Tonight at the Ivy I was asked what my problem was with Andy Lack.
I replied that he never stayed up till 2 in the morning listening to a great track on headphones.
My dinner companion asked if I wasn't being a bit too ROMANTIC!
I said no. That the equation never changed. That first it was TRANSISTORS, under our pillows. And then we switched to headphones attached to our stereos. And now we just lie there plugged into our iPods.
In the Style section of yesterday's "New York Times" they said it was all happening in Koreatown. I've never felt more out of the loop. Because to me Koreatown is like CHINATOWN! JAKE GITTES' Chinatown. A black hole, where events never translate, never spread into the real world. Really, drive down Wilshire some evening after dark and see for yourself. It's ominous, eerie. There's NOTHING going on. You don't know whether to feel safe, or to be wary of the darkness. Afraid the bogey man, or someone quite worse, will come out and grab you.
KLSX is at 3580 Wilshire Boulevard. About a mile east of Western. In the heart of Koreatown. I was supposed to meet Jill in the plaza, between the twin towers.
But she was nowhere to be found.
I waited the appropriate interval before I lit up the cellphone. And couldn't get a fucking soul.
So, finally, I just went inside. Where Jill already was.
When we were done, after I walked her to her rented car, she asked me for directions. How to get back to the Westside.
I said just to follow me.
Funny how leading someone is so different from driving alone. You're not quite in your own space. Rather you're attached.
I led her through the maze onto Western. And from there, it's a straight shot to the freeway. Still, I didn't want to lose her. We were connected.
I stopped at the yellows. Stayed in the same lane. Wanted to make a phone call, but felt the distraction might detract from my duties. So I just pressed the buttons on my XM receiver. And about a block before the entrance to the 10, the Santa Monica Freeway, I heard the notes.
And when I got on the on-ramp, empowered by the music, I FLOORED IT!
But then slowed down to about 50. Surely Jill was on track now, she knew where she was. Yet, we were somehow in this together.
But now it wasn't just me and her. Now it was me, her and Bruce Cockburn.
I got turned on to Bruce Cockburn via the seventies equivalent of file-sharing. The PROMO BIN!
Yes, every Friday I'd head to the store to check the new releases. That's when the records came out back then. Makes sense, doesn't it? Why in the hell are CDs released on TUESDAY??
And first I'd comb through what the major labels were foisting upon us.
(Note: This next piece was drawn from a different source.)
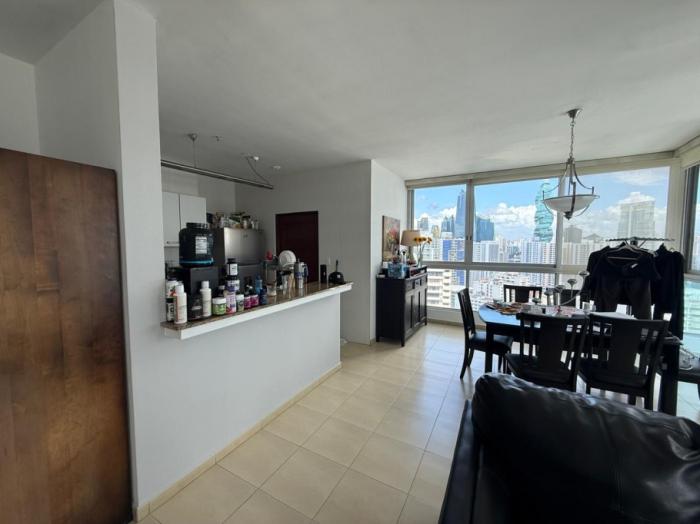 Apartmento for sale in grandbay tower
And then I'd start fingering what the journalists, what the promo men had dumped off that morning.
Oh, once you had it wired, once you made friends with the help, you could get the MOST DESIRABLE releases in promo form. Hell, I bought the Eagles' "The Long Run" for under three bucks.
But that was 1979. When I started in '76, you could get most promo records for $1.99.
And I was addicted. Except for Ken Russell, I was the store's best customer. I HAD to have the new stuff. It was like water, food to me. I'd go home and go through the religious experience of ripping off the shrinkwrap. I'd spend all afternoon spinning records. Just sitting in front of the stereo, drinking in the sound, reading the liner notes.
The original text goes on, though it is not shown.